== TRY IT ==
Every record below must come back exactly as written, with the images dropped.

Image-caption web data

━━━━━━

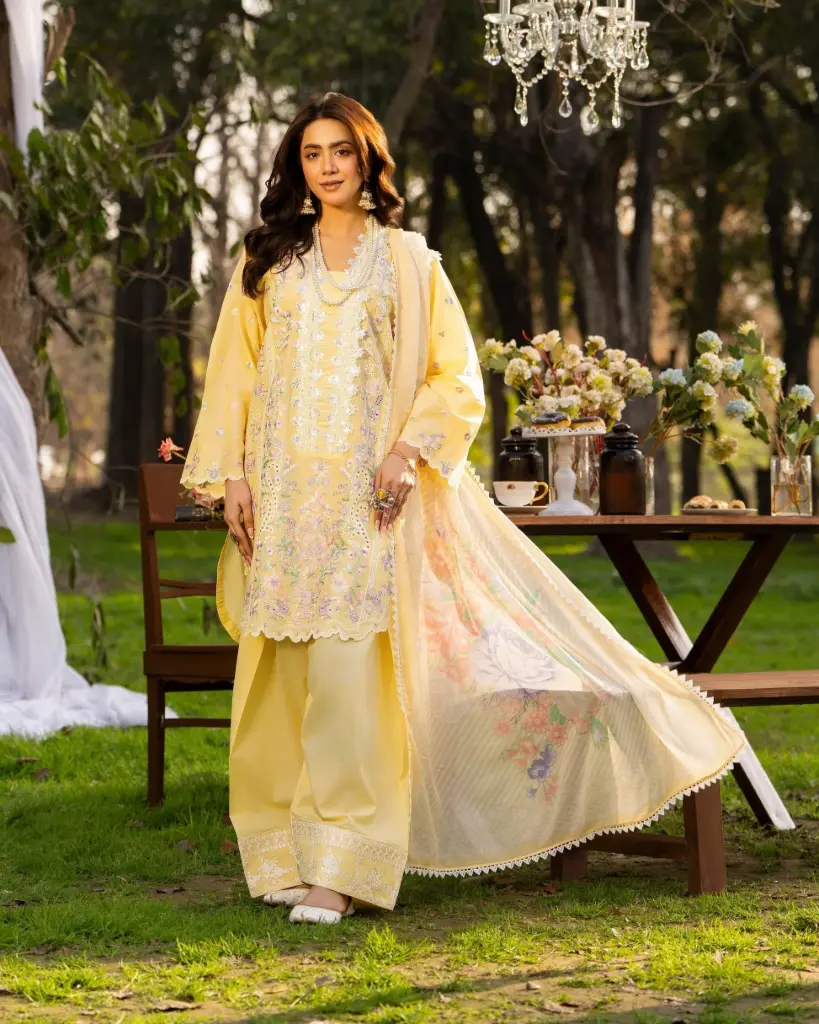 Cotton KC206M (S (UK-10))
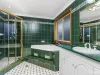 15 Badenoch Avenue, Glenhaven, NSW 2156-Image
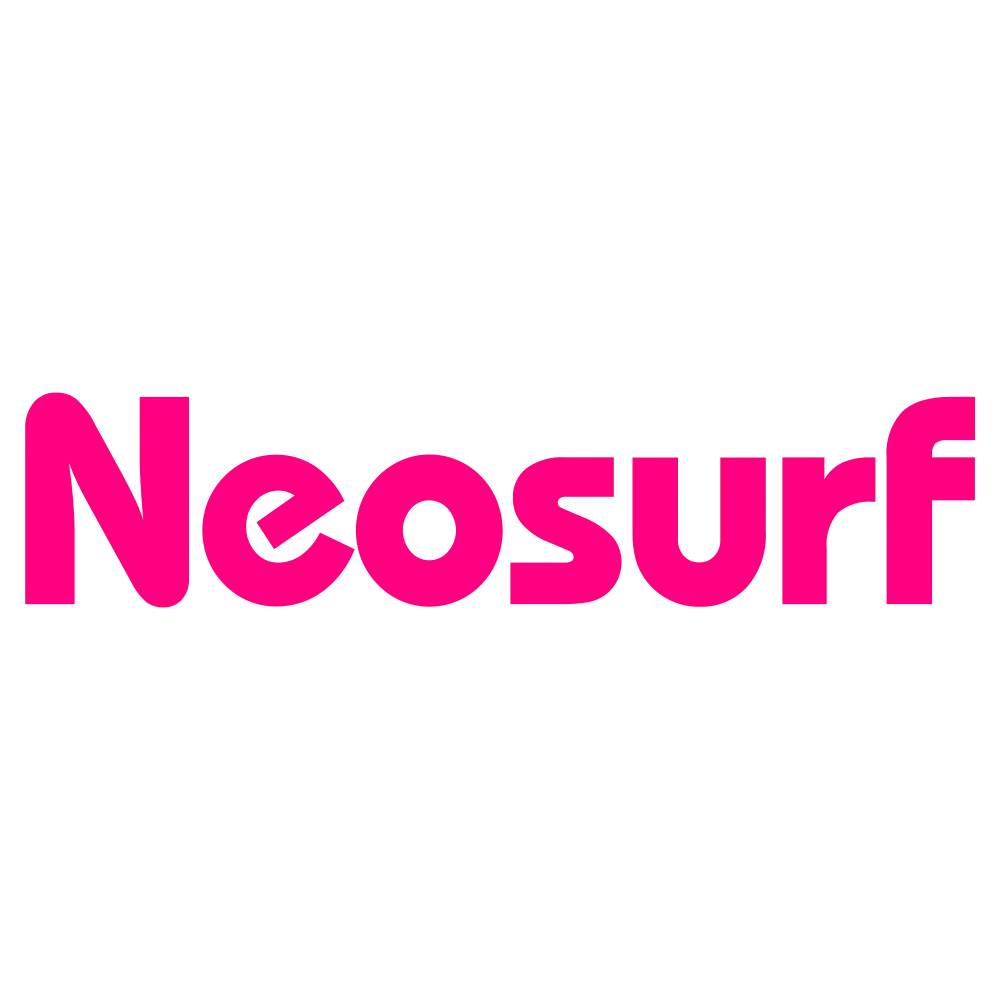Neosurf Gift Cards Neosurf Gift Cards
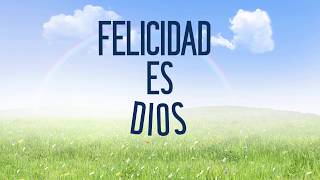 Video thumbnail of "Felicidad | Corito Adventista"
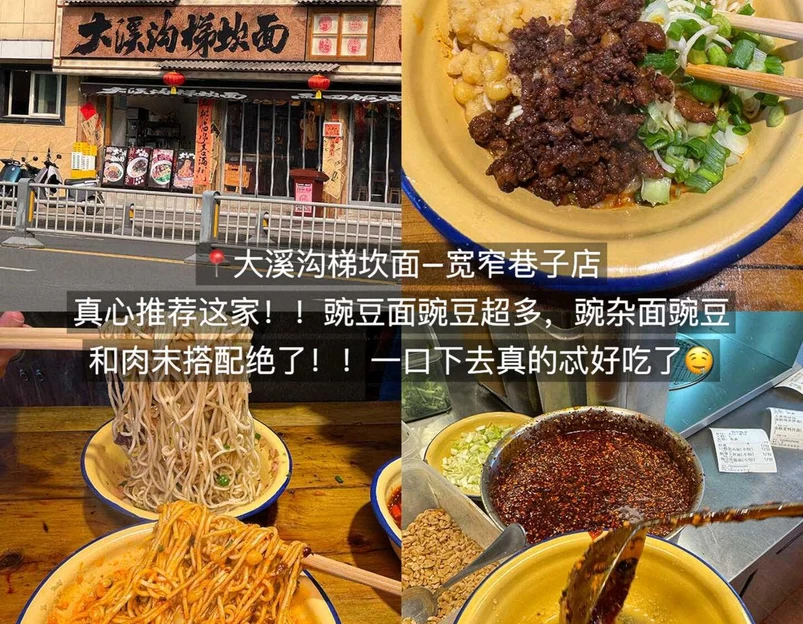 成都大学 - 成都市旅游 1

━━━━━━

== WRITTEN RESPONSE ==
 Cotton KC206M (S (UK-10))
 15 Badenoch Avenue, Glenhaven, NSW 2156-Image
Neosurf Gift Cards Neosurf Gift Cards
 Video thumbnail of "Felicidad | Corito Adventista"
 成都大学 - 成都市旅游 1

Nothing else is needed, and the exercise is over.